§ **Problem**
The answer must be an exact copy of the lines from the one containing "Cash Register / eftpos Rolls 57x35 pack 5" through the last line of the records, with the pictures left out.

-------- Data to process

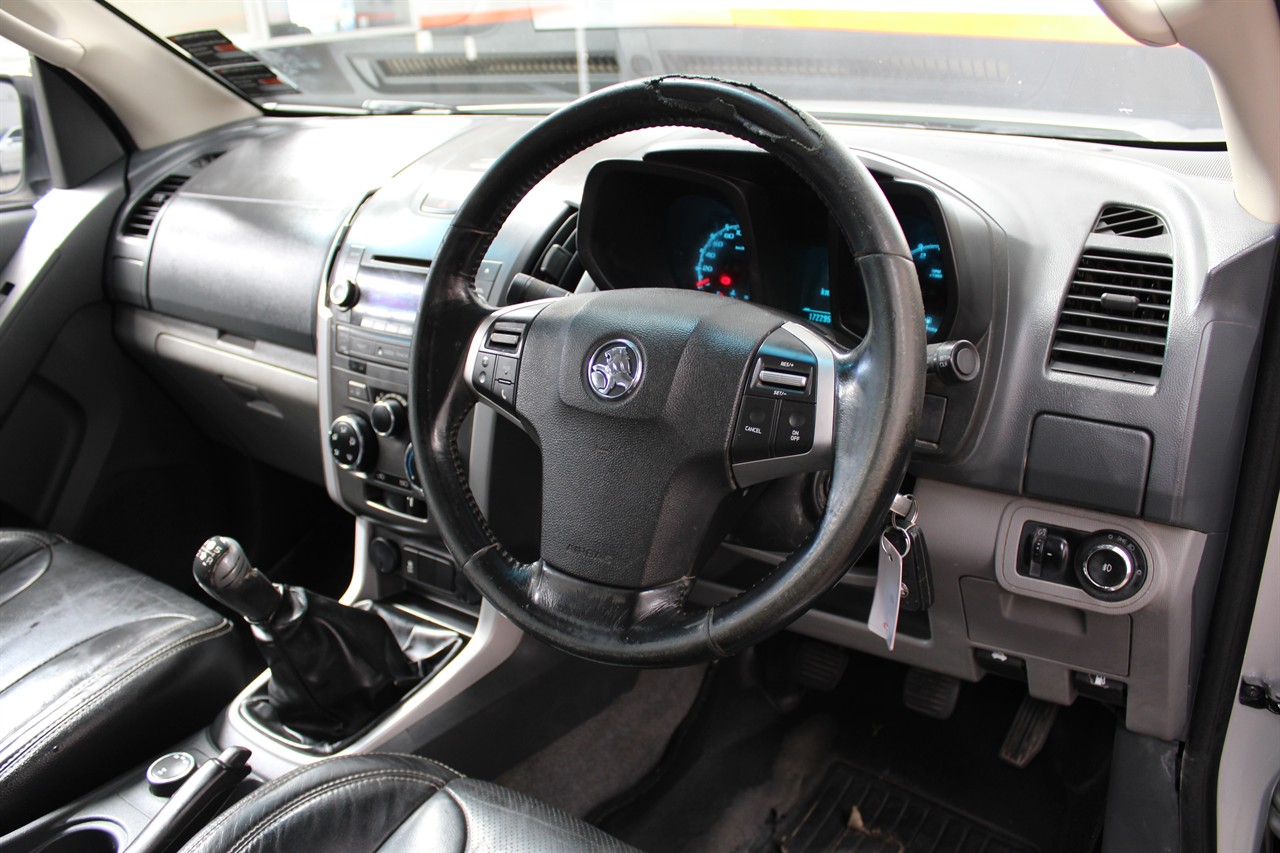 2013 Holden Colorado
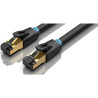 VENTION IKABQ - CAT.8 Sftp Patch Cable 20M Blac K 28AWG | APLIUM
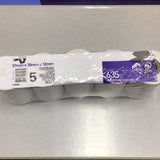 Cash Register / eftpos Rolls 57x35 pack 5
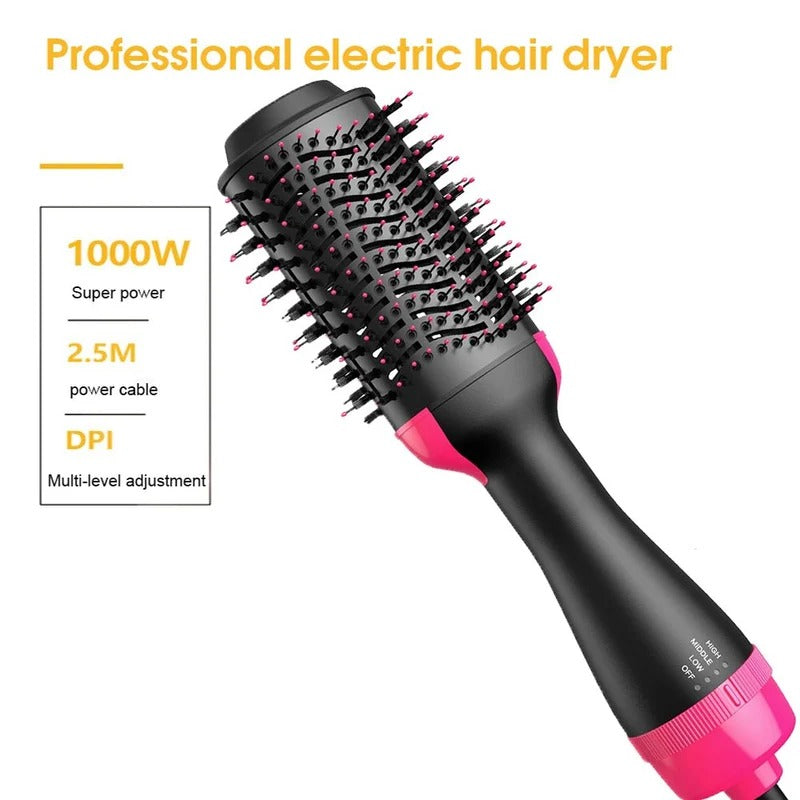 One-Step Hair Dryer Volumizing Brush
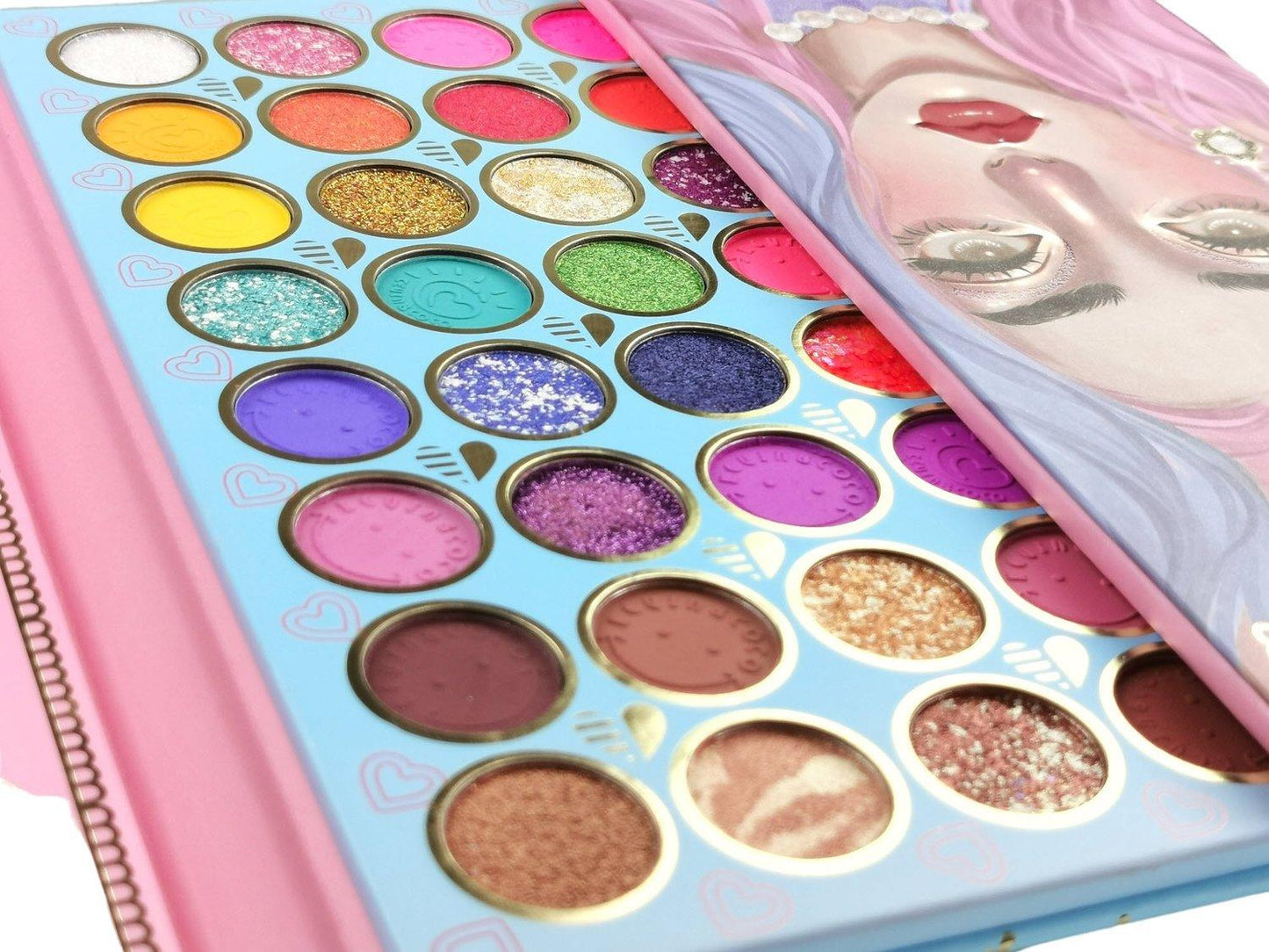 Ögonskugga glitter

----------------

§ **Written response**
 Cash Register / eftpos Rolls 57x35 pack 5
 One-Step Hair Dryer Volumizing Brush
 Ögonskugga glitter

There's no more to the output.